[Continuing the imaginary cross-examination of a real senior partner profiled in the April 2010 issue of the ABA Journal(http://www.abajournal.com/magazine/article/not_done_yet)]
Q: “All right. Let’s look at 2009. In February, your firm cut 19 attorneys from its U.S offices and, a few weeks later, another 10 staffers?”
Partner: “We weren’t alone. Surely, you remember Black Thursday of that month — 800 biglaw attorneys and staff fired in a single day; over 1100 attorneys for the week.”
Q: “In March 2009, you said good-bye to 125 people — 63 attorneys and other time keepers and 62 adminsitrative staff?”

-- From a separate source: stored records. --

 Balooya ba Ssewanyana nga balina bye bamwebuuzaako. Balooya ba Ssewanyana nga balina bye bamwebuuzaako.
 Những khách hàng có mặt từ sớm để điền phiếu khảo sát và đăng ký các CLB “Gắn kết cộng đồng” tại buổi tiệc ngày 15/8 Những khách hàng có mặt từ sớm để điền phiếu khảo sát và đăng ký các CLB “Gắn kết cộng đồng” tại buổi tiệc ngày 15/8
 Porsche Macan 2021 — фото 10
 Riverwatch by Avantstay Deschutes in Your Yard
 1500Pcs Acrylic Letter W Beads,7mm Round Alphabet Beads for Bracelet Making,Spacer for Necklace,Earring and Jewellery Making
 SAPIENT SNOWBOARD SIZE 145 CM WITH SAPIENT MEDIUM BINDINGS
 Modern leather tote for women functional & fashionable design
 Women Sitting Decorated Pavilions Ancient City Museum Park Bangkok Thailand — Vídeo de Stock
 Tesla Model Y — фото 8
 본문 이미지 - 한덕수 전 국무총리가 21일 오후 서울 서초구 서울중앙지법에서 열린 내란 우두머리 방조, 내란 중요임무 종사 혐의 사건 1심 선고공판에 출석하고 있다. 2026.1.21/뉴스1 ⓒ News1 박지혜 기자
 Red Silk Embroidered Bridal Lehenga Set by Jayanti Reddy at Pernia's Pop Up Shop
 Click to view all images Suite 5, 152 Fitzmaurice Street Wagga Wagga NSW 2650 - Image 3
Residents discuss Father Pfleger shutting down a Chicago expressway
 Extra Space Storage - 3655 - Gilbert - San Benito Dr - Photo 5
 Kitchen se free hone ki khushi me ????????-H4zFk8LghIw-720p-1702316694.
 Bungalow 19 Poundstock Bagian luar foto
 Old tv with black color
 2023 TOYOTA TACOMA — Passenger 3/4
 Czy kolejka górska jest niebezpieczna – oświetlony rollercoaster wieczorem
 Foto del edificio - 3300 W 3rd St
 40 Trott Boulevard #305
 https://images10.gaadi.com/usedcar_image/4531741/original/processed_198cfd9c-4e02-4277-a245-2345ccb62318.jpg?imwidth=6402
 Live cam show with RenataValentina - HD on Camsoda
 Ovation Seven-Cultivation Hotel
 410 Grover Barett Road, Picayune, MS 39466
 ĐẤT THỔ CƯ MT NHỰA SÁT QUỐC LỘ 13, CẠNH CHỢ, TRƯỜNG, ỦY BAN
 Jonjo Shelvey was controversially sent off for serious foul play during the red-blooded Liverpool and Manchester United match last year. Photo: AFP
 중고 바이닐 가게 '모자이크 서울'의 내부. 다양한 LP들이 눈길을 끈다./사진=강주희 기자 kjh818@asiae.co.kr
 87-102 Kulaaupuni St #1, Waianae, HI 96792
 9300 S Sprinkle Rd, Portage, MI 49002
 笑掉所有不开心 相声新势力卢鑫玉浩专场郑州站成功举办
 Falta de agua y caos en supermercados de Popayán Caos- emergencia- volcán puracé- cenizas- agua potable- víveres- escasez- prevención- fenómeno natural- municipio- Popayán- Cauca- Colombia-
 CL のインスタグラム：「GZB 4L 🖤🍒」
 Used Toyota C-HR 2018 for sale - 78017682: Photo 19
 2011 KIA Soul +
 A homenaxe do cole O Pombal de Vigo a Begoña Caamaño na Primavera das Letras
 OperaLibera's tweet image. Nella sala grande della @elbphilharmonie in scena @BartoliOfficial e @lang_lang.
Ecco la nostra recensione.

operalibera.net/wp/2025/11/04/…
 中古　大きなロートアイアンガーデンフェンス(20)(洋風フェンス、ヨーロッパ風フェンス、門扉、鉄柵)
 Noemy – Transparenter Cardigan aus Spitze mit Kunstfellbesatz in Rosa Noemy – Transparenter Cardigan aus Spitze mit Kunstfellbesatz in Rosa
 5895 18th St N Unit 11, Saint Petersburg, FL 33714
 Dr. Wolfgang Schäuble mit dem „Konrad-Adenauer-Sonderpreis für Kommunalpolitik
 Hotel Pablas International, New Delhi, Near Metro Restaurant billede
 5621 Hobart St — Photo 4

Partner: “With markets crashing, the firm couldn’t keep unproductive people on the payroll.”
Q: “And firms like yours couldn’t let their billable hours drop below 2,000 a year, could they?”
Partner: “I don’t agree with that.”
Q: “Your firm’s responses for the NALP Directory said its minimum billable hours expectation for associates in 2008 was 1,950 in Philadelphia and 2,000 in New York, right?”
Partner: “So what? That’s not unique. Our press release explained that we’ve tried to match our resources with our projected needs.”
Q: “That press release came in July 2009, when your firm reportedly terminated another 25 associates along with staff and paralegal positions, right?”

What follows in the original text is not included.